_ABOUT THIS EXERCISE_.
Pictures aside, copy every record word for word.

_Short text fragments from websites_.
———

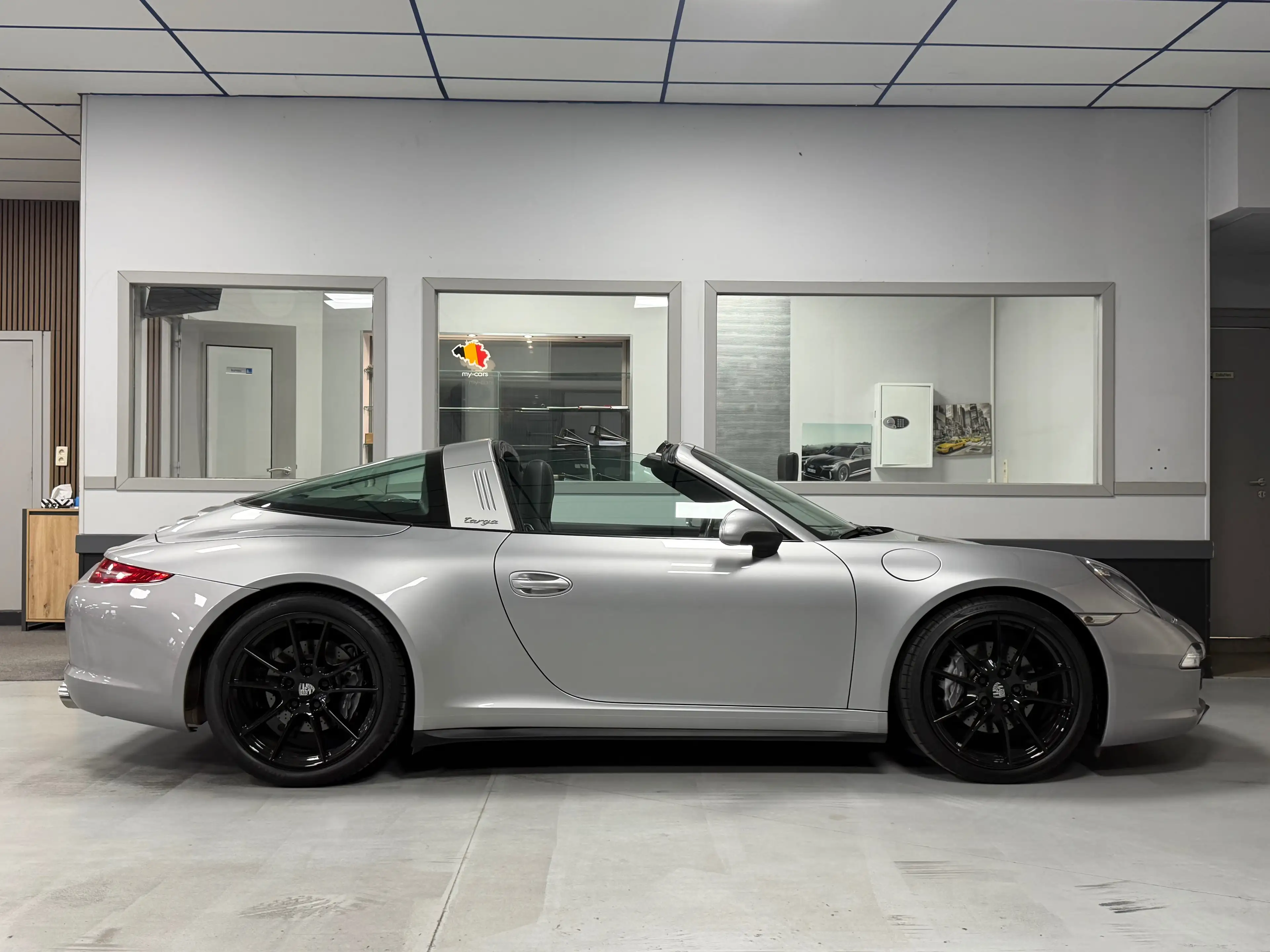 Porsche Targa 911 Carrera 4 3.4i PDK - NAVIGATION - CAMERA - ECHAP. SPORT - XENON — photo 11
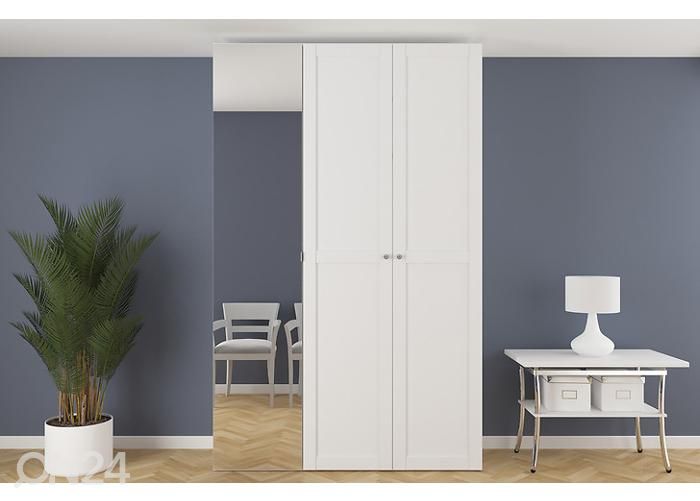 Riidekapp 150 cm suurendatud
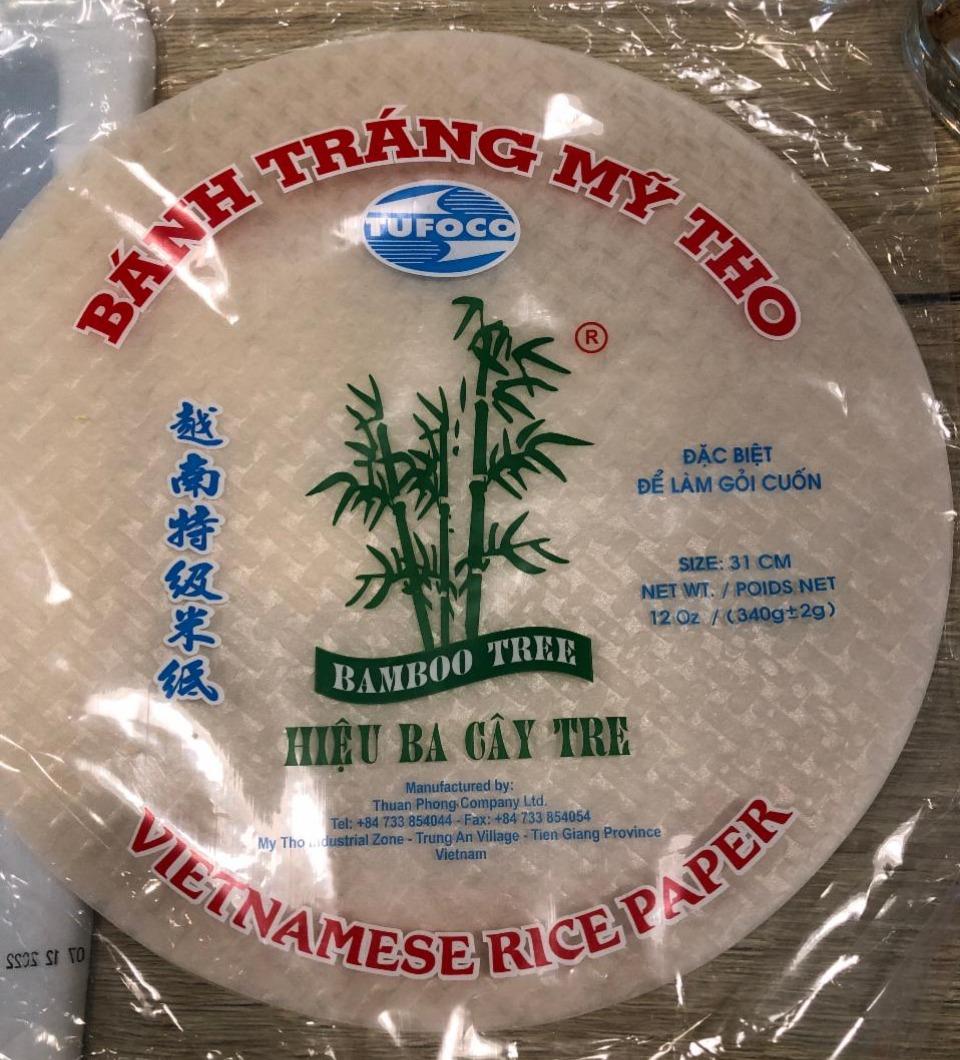 Fotografie - Bánh Tráng Mỹ Tho Vietnamese rice paper Tufoco
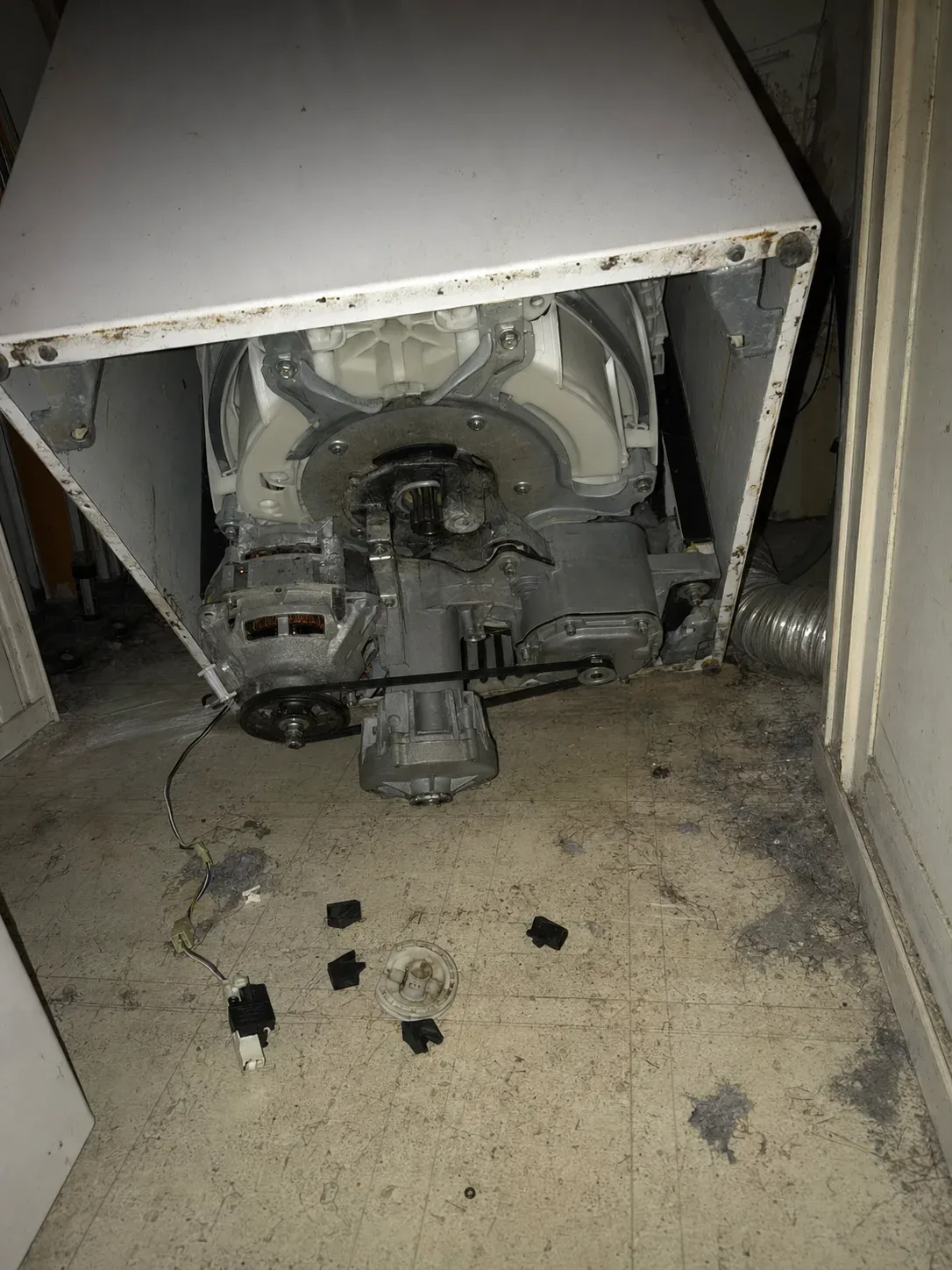 Whirlpool Washer Won't Spin in Rutland, Kelowna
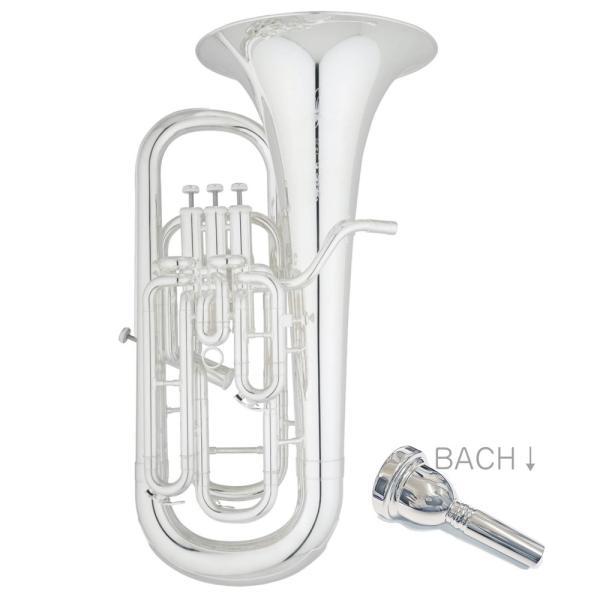 【北海道/沖縄/離島/代引き不可】イーストマンユーフォニアム526シリーズは、暖かく落ち着いた音色とレスポンスの良さが印象的なモデル。コンペ付きの楽器は価格が高くなってしまいますがヤマハの同等モデルと比較して少し安価なモデルなのでコンペ付き...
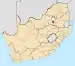 Ekurhuleni within South Africa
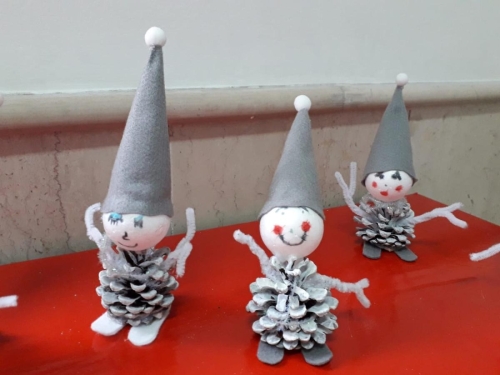 I nostri addobbi di Natale - Seconda Primaria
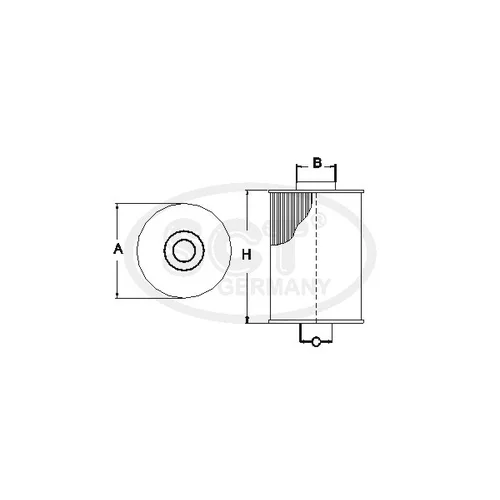 Palivový filter SCT - MANNOL SC 7077 P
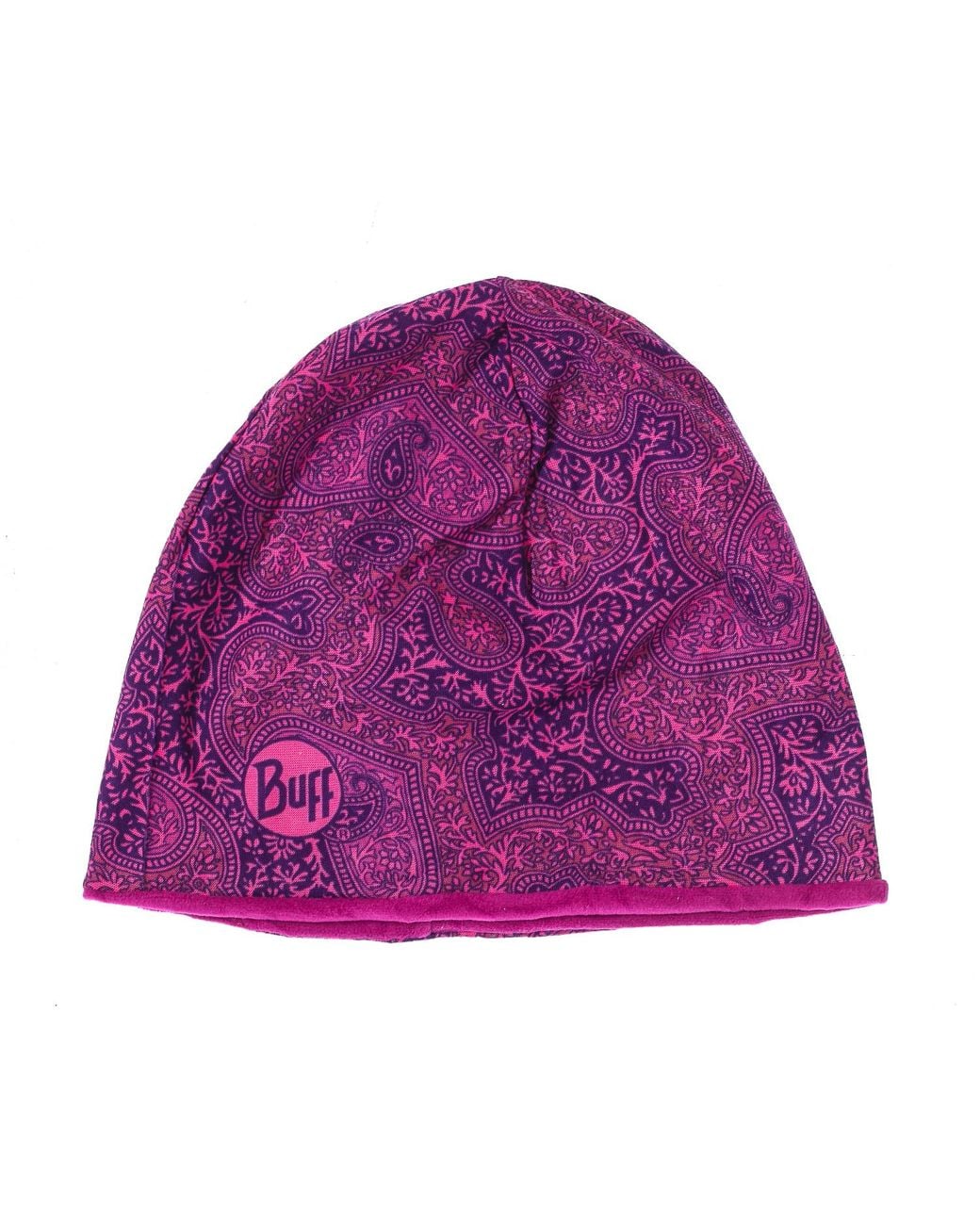 Buff Purple Mit Fleece Gefütterte Mütze 120400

———

_RESPONSE TO THE TASK_.
 Porsche Targa 911 Carrera 4 3.4i PDK - NAVIGATION - CAMERA - ECHAP. SPORT - XENON — photo 11
 Riidekapp 150 cm suurendatud
 Fotografie - Bánh Tráng Mỹ Tho Vietnamese rice paper Tufoco
 Whirlpool Washer Won't Spin in Rutland, Kelowna
 【北海道/沖縄/離島/代引き不可】イーストマンユーフォニアム526シリーズは、暖かく落ち着いた音色とレスポンスの良さが印象的なモデル。コンペ付きの楽器は価格が高くなってしまいますがヤマハの同等モデルと比較して少し安価なモデルなのでコンペ付き...
 Ekurhuleni within South Africa
 I nostri addobbi di Natale - Seconda Primaria
 Palivový filter SCT - MANNOL SC 7077 P
 Buff Purple Mit Fleece Gefütterte Mütze 120400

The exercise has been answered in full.